# Introduction
This notebook is a more detailed description of the algorithm we will implement in `c++` & `CUDA` for reference. It contains: 
- Two identic approaches to the algorithm:
    - [One](#basic-numpy) using classic `numpy` and
    - [the other](#cupy-implementation) using `cuPY`, the `numpy` counterpart for `CUDA`
- [Benchmarks](#benchmark) for both of them.

In [1]:
import numpy as np
import pandas as pd
from scipy.stats import norm
import seaborn as sns
import matplotlib.pyplot as plt

# Basic Numpy
We start with the `numpy` implementation, these are the steps we will follow:
- Generate the samples
- Build the estimator:
    - Define the ranges for the parameters: In the real world we would need to play a bit with the numbers by starting with a very wide range as we won't know where $\mu$ and $\sigma$ fall. But, since this is a contrived example, we can be a bit self-indulgent and use the information we defined to generate the random variates.
    - With these ranges we then build the outer product so we will have all the combinations for $\mu$, $\sigma$ & $x$ 
    - Build the prior: for the sake of simplicity we use a flat prior which won't have impact on the posterior. Had we had a reasonable assumption that the parameters are these or those, we should have set it as our prior.
    - Compute the likelihood: this step involves two operations:
        - First we compute the densities for each triplet of $\mu$, $\sigma$ & $x$, where $x$ are the observations.
        - Second, we reduce the densities to a single number by taking the product over the second axis, ie, the densities.
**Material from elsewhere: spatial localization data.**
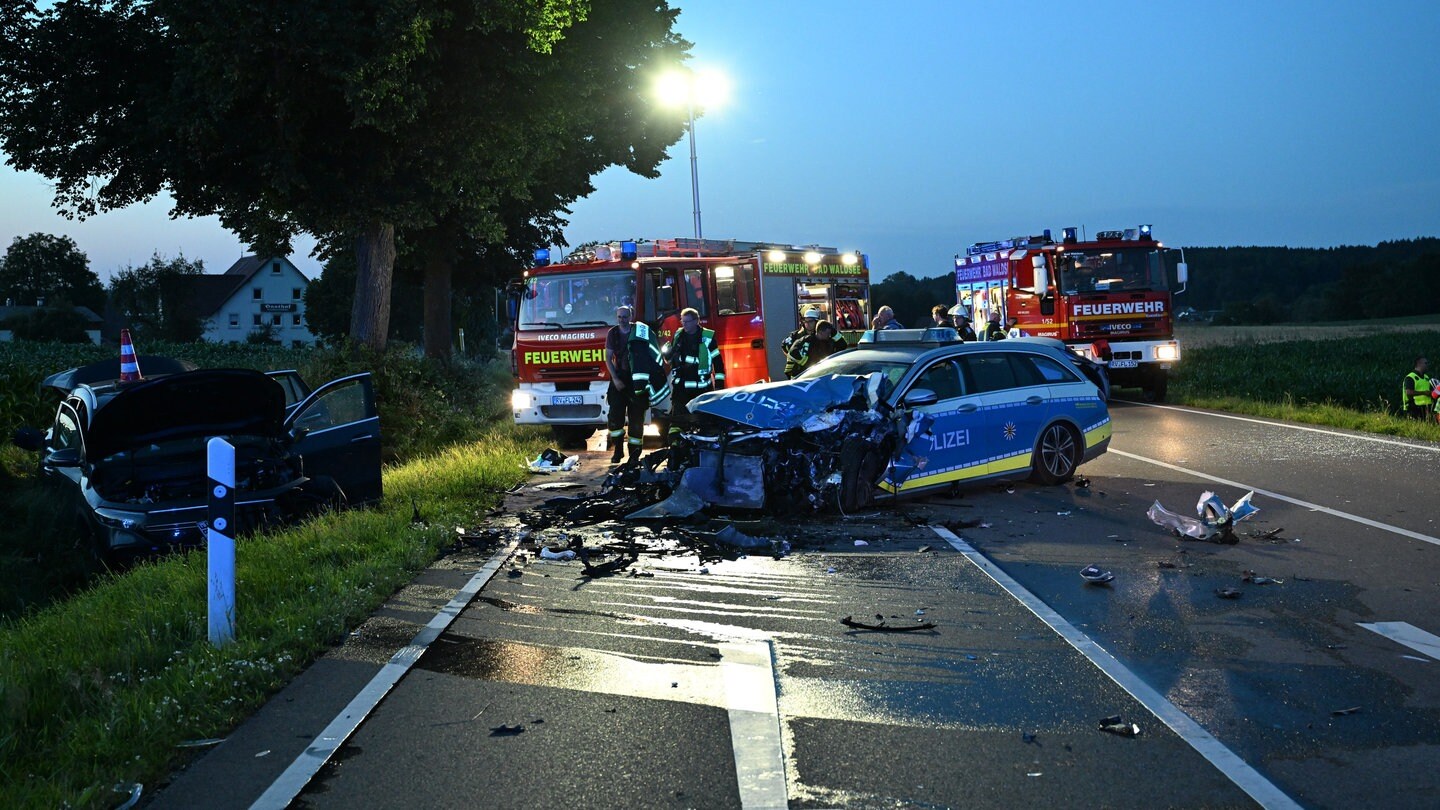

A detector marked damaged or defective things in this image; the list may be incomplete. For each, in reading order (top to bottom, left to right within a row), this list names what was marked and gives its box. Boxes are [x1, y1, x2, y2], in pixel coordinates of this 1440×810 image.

destroyed police car [12, 356, 382, 560]
destroyed police car [668, 328, 1112, 512]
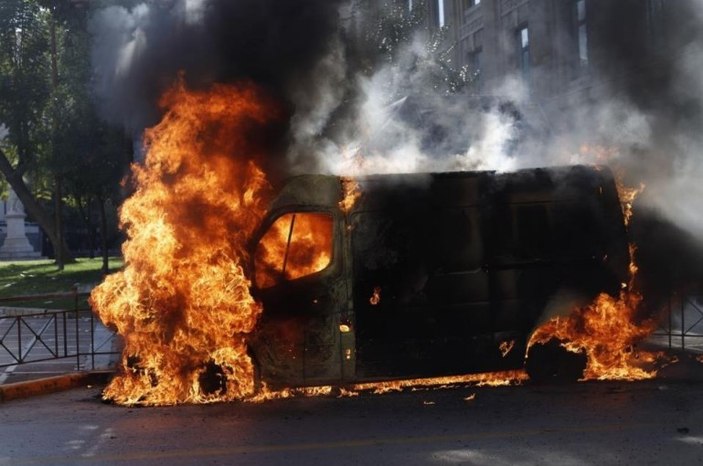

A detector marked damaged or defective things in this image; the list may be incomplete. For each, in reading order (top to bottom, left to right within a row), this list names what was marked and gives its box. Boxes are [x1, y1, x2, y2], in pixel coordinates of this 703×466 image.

broken window [254, 211, 334, 288]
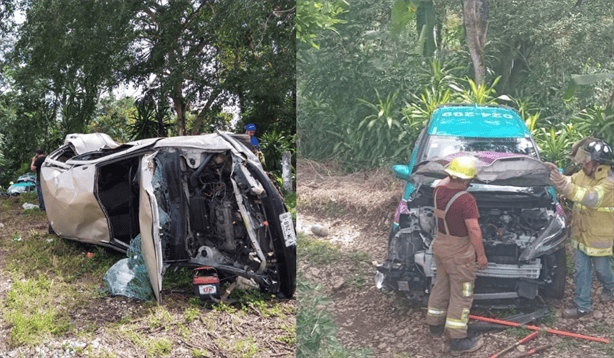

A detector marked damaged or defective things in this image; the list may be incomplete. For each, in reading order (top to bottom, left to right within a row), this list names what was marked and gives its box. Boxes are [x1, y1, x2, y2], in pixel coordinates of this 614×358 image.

crushed car door [139, 151, 164, 302]
severely damaged car [40, 133, 296, 300]
overturned white vehicle [41, 133, 296, 300]
severely damaged car [376, 104, 572, 304]
broken windshield [424, 136, 540, 161]
crumpled hood [414, 151, 552, 186]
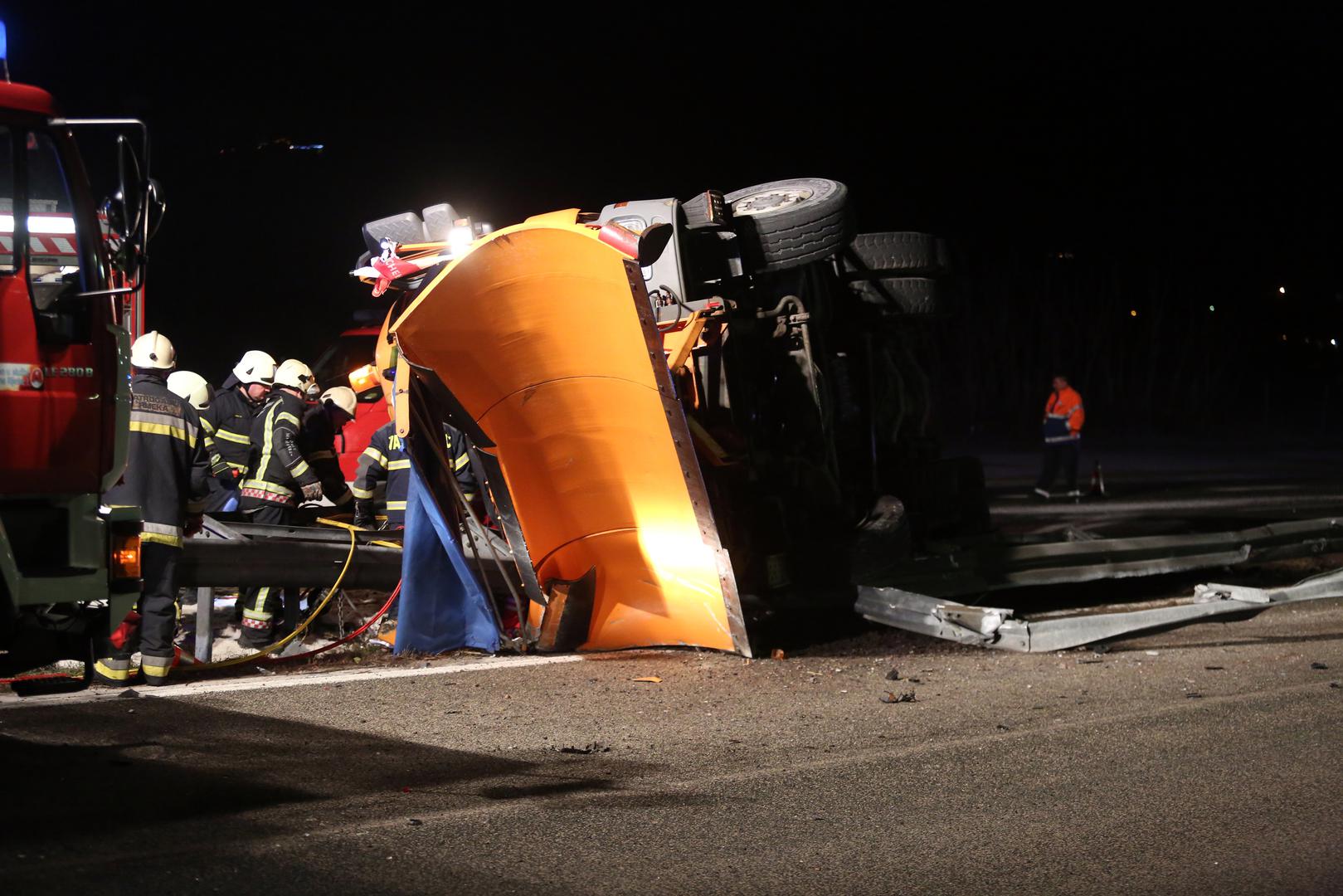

This is because we can think of those densities as the joint probability of observation 1 and observation 2...observation $n$. This product can become really small, so if we were only interested in the point estimates, we could take the log-likelihood by using `np.log(densities).sum(axis=2)`. However, since we don't have too many observations and parameter pairs, we will stick to the conventional product.
    - Compute the posterior: we do the classic $\mathrm{prior}\times\mathrm{likelihood}/\mathrm{evidence}$, but notice that the product is not really necessary as we are using a flat prior, so a bare normalization will do the trick as well.
- Print the outcomes.

In [None]:
mu, sigma = 20, 2  # the values we want to infer
np.random.seed(42)  # Let's fix the samples for reproduction purposes

# Generate and display some of the observations
observations_np = np.random.normal(mu, sigma, 50).astype(np.float32)
observations_np[:10]

In [None]:
def numpy_estimator(observations):
    """
    Compute the posterior distribution of a set of observations.

    Arguments:
        - observations (np.ndarray): a numpy array containing the the observations

    Returns:
        - a tuple of np.ndarray:
            - posterior (np.ndarray[101]): the posterior probability of the observations.
            - mu_range (np.ndarray[101]): the range of parameters used for the mean.
            - sigma_range (np.ndarray[101]): the range of parameters used for the std.
    """
    # Define the ranges
    ranges_size = 101
    mu_range = np.linspace(18, 22, ranges_size, dtype=np.float32)
    sigma_range = np.linspace(1, 3, ranges_size, dtype=np.float32)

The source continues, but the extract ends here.